# Denia - Inheritance Tax



## jimiansville (Oct 11, 2011)

Hi folks looking for some advice on Inheritance Tax.

We are about to make an offer on a villa in Benidoleig close to Denia on the northern Costa Blanca. We are concerned Inheritance Tax when one of us dies and have had conflicting advice. It appears to vary from region to region but does anyone know how we stand in the Denia area.


----------



## jojo (Sep 20, 2007)

jimiansville said:


> Hi folks looking for some advice on Inheritance Tax.
> 
> We are about to make an offer on a villa in Benidoleig close to Denia on the northern Costa Blanca. We are concerned Inheritance Tax when one of us dies and have had conflicting advice. It appears to vary from region to region but does anyone know how we stand in the Denia area.

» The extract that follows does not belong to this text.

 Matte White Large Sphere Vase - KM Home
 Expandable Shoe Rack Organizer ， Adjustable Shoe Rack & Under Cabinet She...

In general, Spains inheritance laws are quite different to those in the UK. I'm not 100% sure of them so I wont repeat what I know - others on here will probably be more "au fait" with it all. But you really must get professional advice if its of concern to you


----------



## xabiaxica (Jun 23, 2009)

jojo said:


> In general, Spains inheritance laws are quite different to those in the UK. I'm not 100% sure of them so I wont repeat what I know - others on here will probably be more "au fait" with it all. But you really must get professional advice if its of concern to you


yes, and they _can_ vary from region to region


what's more though, is that they can also change with frightening regularity - so what is true today won't necessarily be true in the months or years to come


for instance 'wealth tax' was effectively abolished a few years ago & has recently been re-introduced


----------



## djfwells (Sep 28, 2009)

Have you considered maybe buying the porperty as a UK regsitered company ? - Shares can distributed between the two of you, and bequeathed to one another in the event of a death


----------



## Alcalaina (Aug 6, 2010)

Don't know about Denia but I understand that in Andalucia if the surviving spouse lives in the house for five years after the other one dies they get a 99% reduction in the inheritance tax.


----------



## jimiansville (Oct 11, 2011)

I've found some information on the internet saying that in the Valencia region there is a 99% reduction if you have been a resident for 5 years prior to the death of your partner but nothing about having to remain a resident for 5 years after their death.


----------



## Stravinsky (Aug 12, 2007)

djfwells said:


> Have you considered maybe buying the porperty as a UK regsitered company ? - Shares can distributed between the two of you, and bequeathed to one another in the event of a death


Yes ... well ... Winchcombe .... I'm sure you've never heard of them 

I believe you can end up paying £5k to essentially set up a limited company. Good money for some!


Based on my unfortunate knowledge of knowing some people who have been in that position around here, if you become a Spanish resident and put your tax returns in like the good expat thyat you should be then if you own the house between you 50/50 and are married then in the unfortunate event of one of you passing on the survivor will pay next to no inheritence tax. This has been the same now here for at least 5 years.

The crap hits the fan I'm afraid when the survivor passes on, and then if the house is left to your non resident children they pay a lot more than they would if your home was in the UK. The allowances are quite low compared to the UK


----------



## Alcalaina (Aug 6, 2010)

jimiansville said:


> I've found some information on the internet saying that in the Valencia region there is a 99% reduction if you have been a resident for 5 years prior to the death of your partner but nothing about having to remain a resident for 5 years after their death.


Unfortunately all the ACs have different rules, and as someone said earlier, they keep changing!

There's a good summary of different regional policies here:
Inheritance Tax in Spain | AngloINFO Spain


----------